Cada mensaje era un golpe, un corte, una confirmación de que mi mundo perfectamente construido se había desmoronado mientras yo estaba en una cafetería derramando azúcar y contemplando la posibilidad de tocar la mano de un chico.
Pero lo extraño —lo verdaderamente desconcertante— era que no sentía el pánico que esperaba.
No sentía el terror de perderlo todo.
Sentía algo diferente. Algo que no tenía nombre en mi vocabulario legal.
Sentía... ¿libertad?
No. No era exactamente libertad.
Era el vértigo que viene justo antes de la caída libre, cuando ya has saltado pero aún no has comenzado a descender. Ese momento suspendido donde todo es posible y nada está decidido.
Me detuve frente al espejo de una tienda cerrada. Mi reflejo me devolvió la mirada: cabello despeinado por el viento de octubre, blusa arrugada por una tarde de destrucción social, ojos que brillaban con algo que podría ser lágrimas reprimidas o podría ser algo más peligroso.
¿Quién eres?, le pregunté a la chica del espejo.
Ella no respondió. Pero por primera vez, eso no me aterrorizó.
Detrás de mí, el universo reorganizaba sus piezas, preparándose para el próximo movimiento en este juego donde yo había empezado como jugadora maestra y había terminado como peón que acababa de descubrir que el tablero era mucho más grande de lo que había creído.
Mi teléfono vibró una vez más.
Esta vez era un número que reconocí, aunque no estaba guardado en mis contactos. Un número que había visto en carteles de eventos de la facultad, en publicaciones de Instagram, en la firma digital de trabajos grupales.
Diego: "No sé qué pasó ahí dentro. Pero si alguna vez quieres hablar sobre propiedad intelectual o sobre cómo destruiste un azucarero o sobre cualquier cosa que no requiera protocolos... aquí estoy. Sin presión. Sin agenda. Solo café y conversación.
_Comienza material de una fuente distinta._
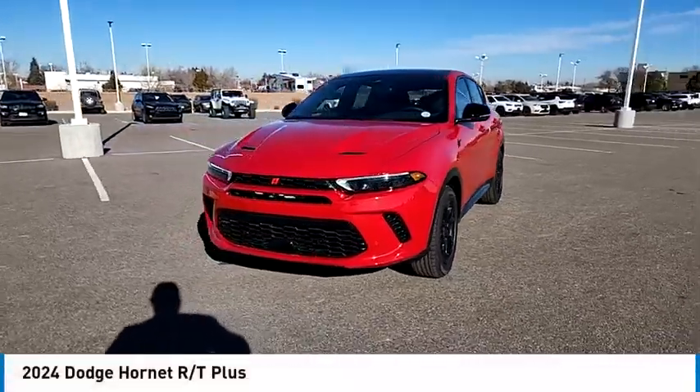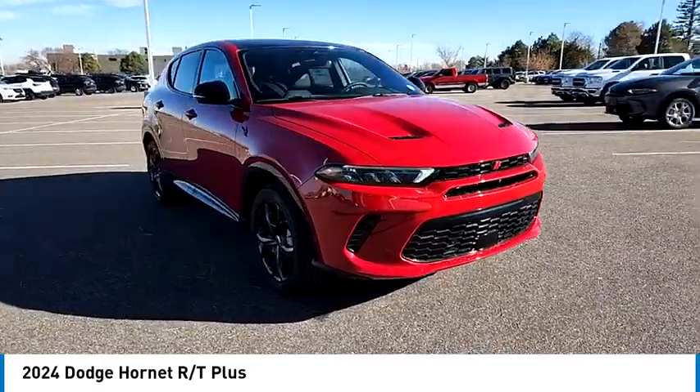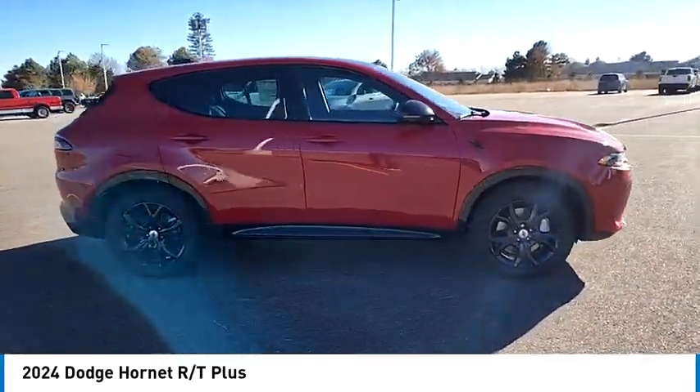Don't miss this vehicle. Make a great choice today with this must-have ride. Learn more about this vehicle by contacting the dealership today and complete your driving dreams.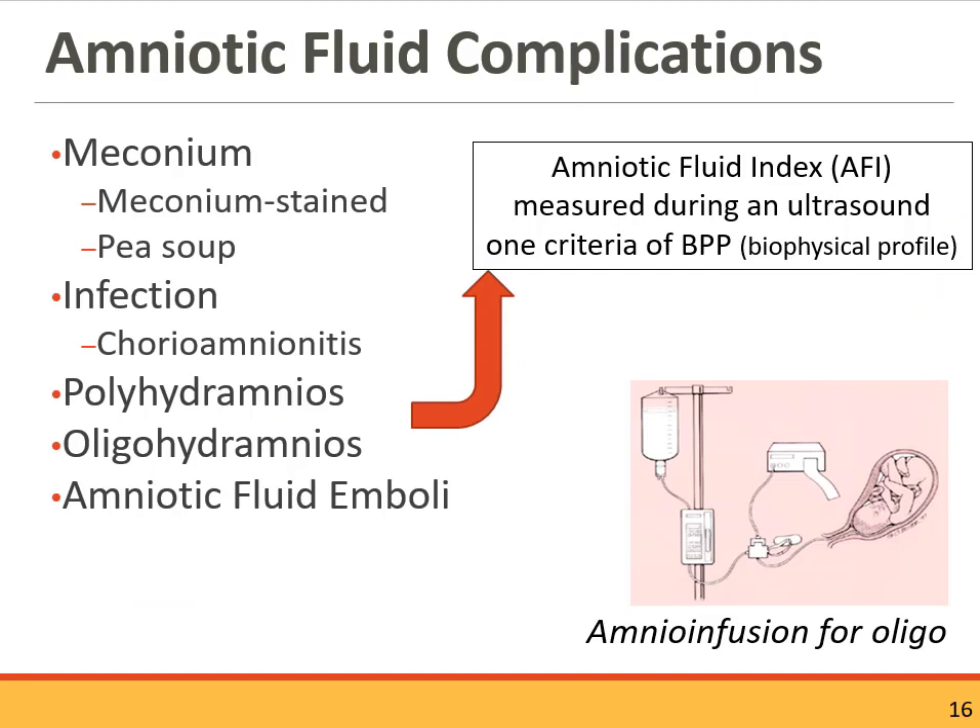Amniotic fluid complications can include meconium. Meconium can range from just flecks through the amniotic fluid, to streaks, to a pea-soup appearance. Pea-soup meconium indicates the baby has been under a lot of stress and has expressed meconium possibly several times, diffused throughout the amniotic fluid. When membranes rupture, you assess the color to check for meconium. When the provider identifies meconium in the amniotic fluid, they will often call for a pediatric or neo-team to be present at delivery in case the baby needs resuscitation.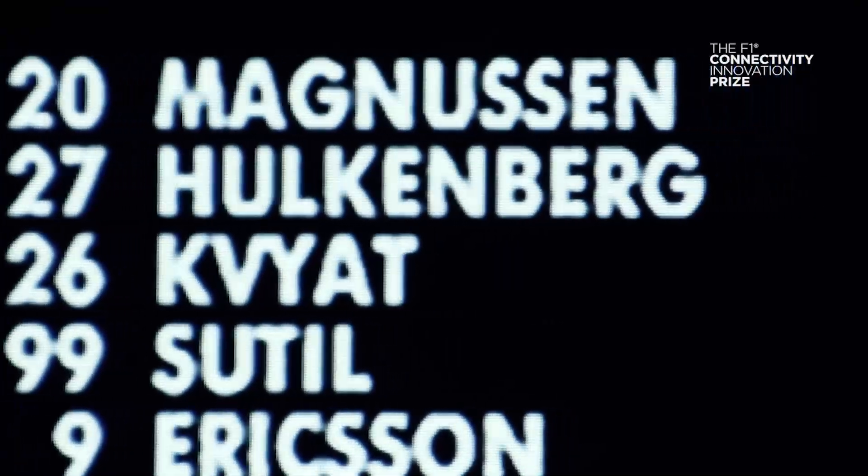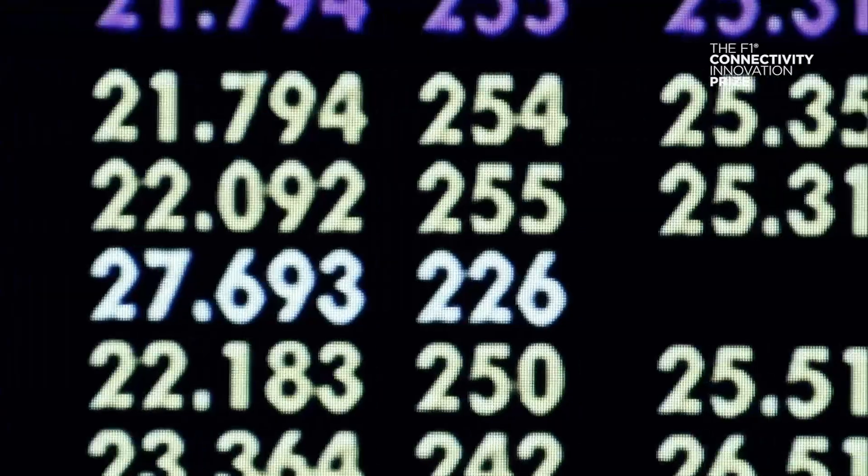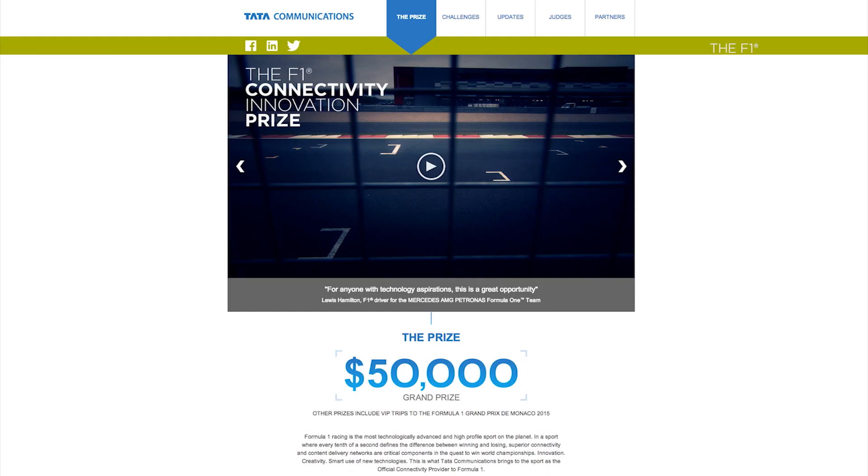The live data screen is highly complex, purposeful and powerful in its ability to deliver multiple data requirements in real time. But how would you present the live race data produced by Formula 1 management? Get this right and you could be on the way to claiming the first prize of $50,000.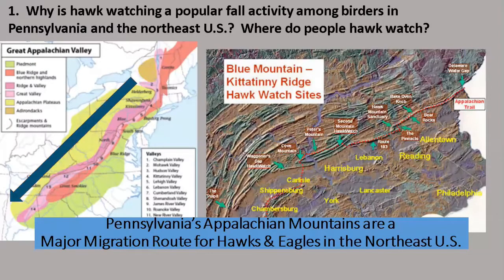Looking at this map on the left, the purple and red coloring shows where the Appalachian Valley and mountains pass through the northeast U.S. Hawks migrate from northeast to southwest through the mountain ranges of the Appalachians. On the right, two of the major mountain ranges here are the Blue Mountain and Kittatinny ridges. Hawk watchers line up along different locations there as the hawks move from northeast to southwest. In that sense, the Appalachian Mountains of Pennsylvania are like a hawk superhighway for migration.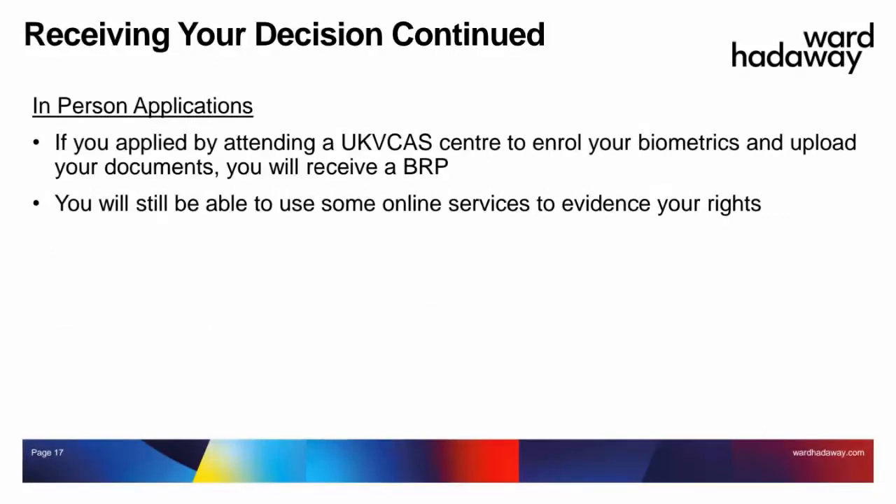If you made an in-person application by attending one of the application services centres, you will receive a biometric residence permit. Once you receive that permit, you should be able to create an account online and use the online services, including generating a share code and using the system as proof of your right to work for any employers.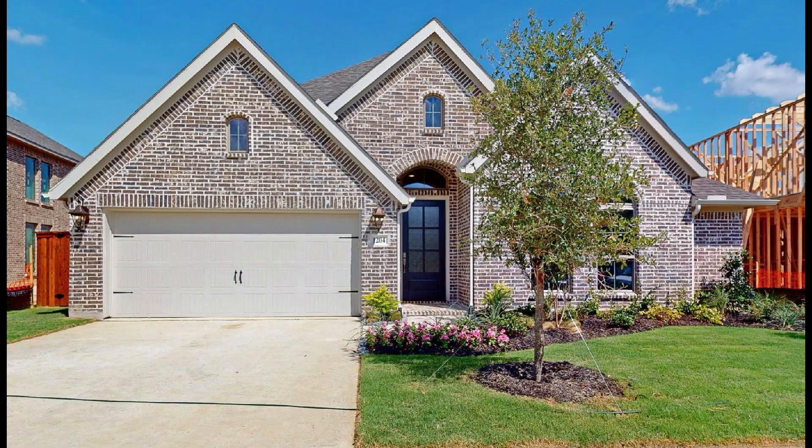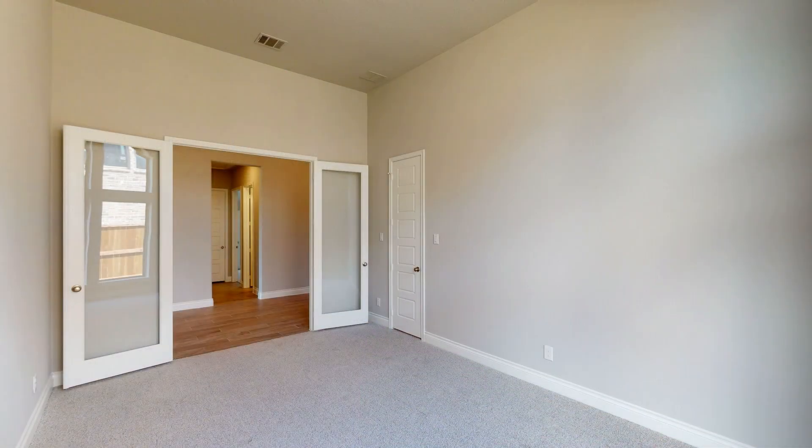Welcome to Perry Homes at Sandbrock Ranch. This home is 2,519 square feet with four bedrooms, three and a half baths, and a two-car garage.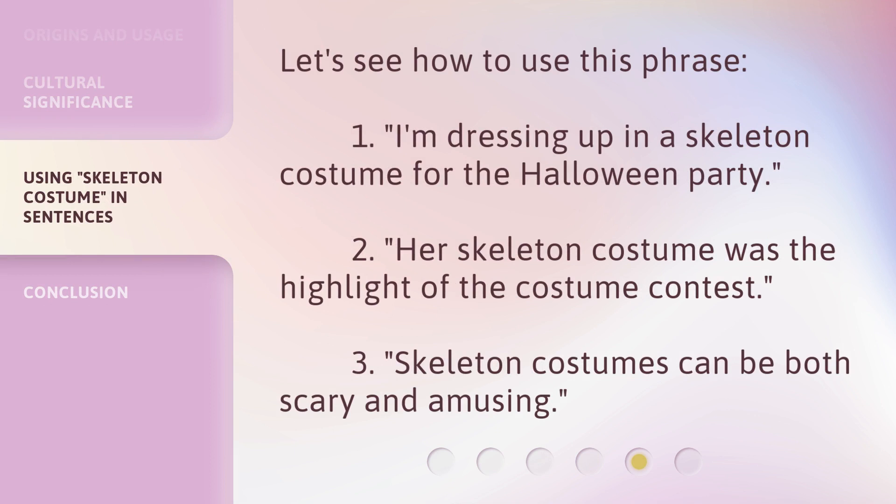Let's see how to use this phrase. 1. I'm dressing up in a Skeleton Costume for the Halloween party. 2. Her Skeleton Costume was the highlight of the costume contest. 3. Skeleton Costumes can be both scary and amusing.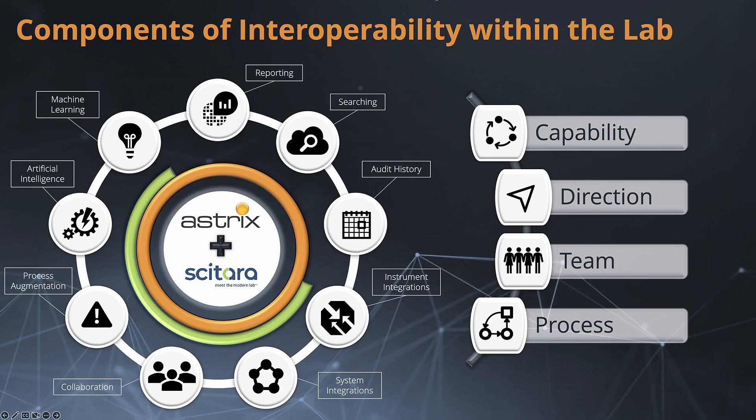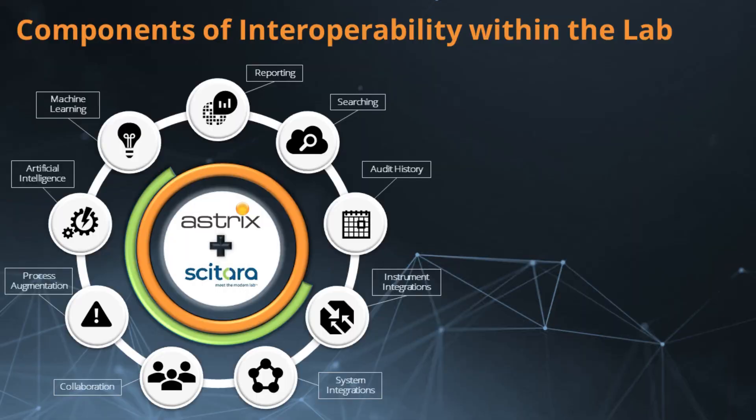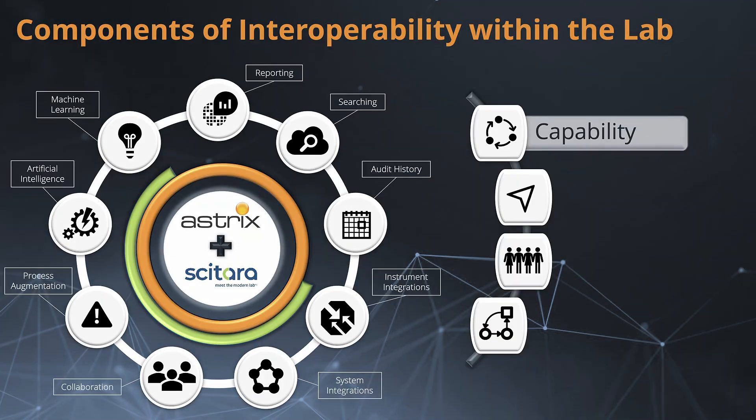As we dig in today, we're going to look at the components of how we really digitize the lab — where are customers truly at today, and what are some of the challenges they have. We're going to look at what builds out a true digitalized lab. First, looking at the four main items we identify as true needs, starting with capability — where Cytera comes into play — giving that technical functionality that enables what scientists are really looking for.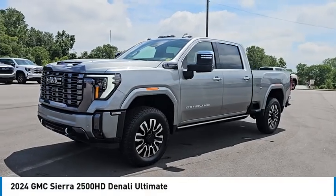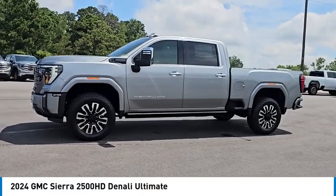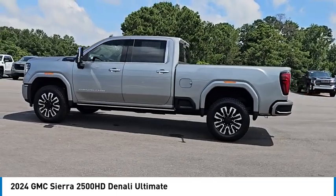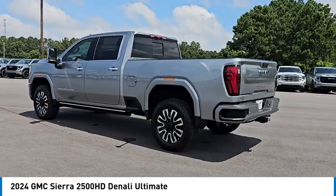Looking for the right vehicle? Check out the 2024 Sierra 2500 HD. The GMC Sierra 2500 HD has all your workhorse basics covered. Here are some of this vehicle's great options.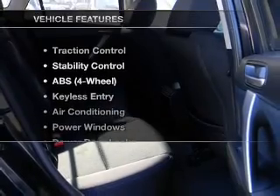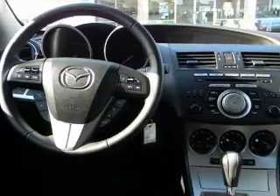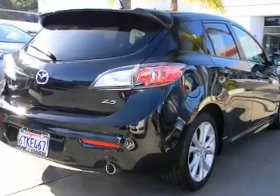And with these notable features, you won't want to miss out on the opportunity to own this amazing ride: air conditioning, power door locks, power windows, power steering, cruise control, and AM FM stereo.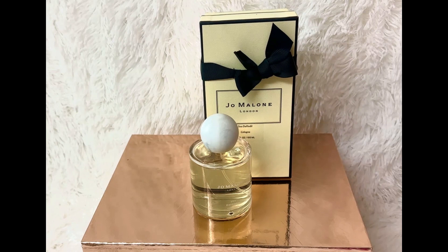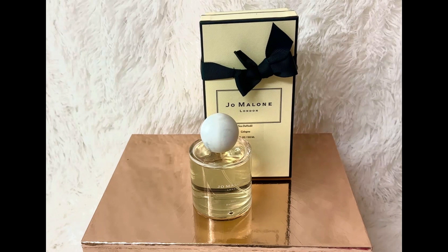The bottle is a special edition clear glass with spherical caps inspired by the Mediterranean Sea. This is a delicate, clean, fresh, fruity, and sophisticated fragrance. Upon the first spray it's very strong, but after a few minutes it dries down to a soft citrus and powdery scent.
La oferta no caduca."
Leí el mensaje tres veces.
Cuatro veces.
Cinco veces, como si la repetición pudiera cambiar su significado o revelar alguna cláusula oculta que invalidara toda la ternura implícita en esas palabras.
No respondí.
No porque no quisiera. Sino porque no sabía cómo responder a algo tan simple y tan complicado al mismo tiempo.
En su lugar, guardé el teléfono y continué caminando mientras el atardecer se convertía en noche y las luces del campus se encendían una por una, como testigos silenciosos de mi transformación.
El teorema estaba claro, escrito en el cielo de octubre con tinta de nubes y luz moribunda:
Diego Cifuentes era una variable que mi ecuación vital no podía resolver.
No con lógica. No con precedentes. No con protocolos de interacción formalizados.
Y eso, más que cualquier venganza, más que cualquier plan, más que cualquier rumor o beca perdida o novio que huía, era el verdadero caos que había invitado a mi vida perfectamente catalogada.
El caos que, terriblemente, empezaba a sentirse como la única cosa real en un mundo de construcciones ficticias.
Caminé hacia mi apartamento mientras la noche caía como un telón, y por primera vez en mi vida meticulosamente planificada, no tenía idea de qué vendría en el siguiente acto.
Solo sabía que el guion que había estado siguiendo toda mi vida acababa de ser lanzado al fuego.
Y en las cenizas, algo nuevo amenazaba con crecer.
Algo sin nombre. Sin precedente. Sin garantías.
Algo que se parecía peligrosamente a la posibilidad de convertirme en alguien que no reconocía pero que, tal vez, podría llegar a conocer.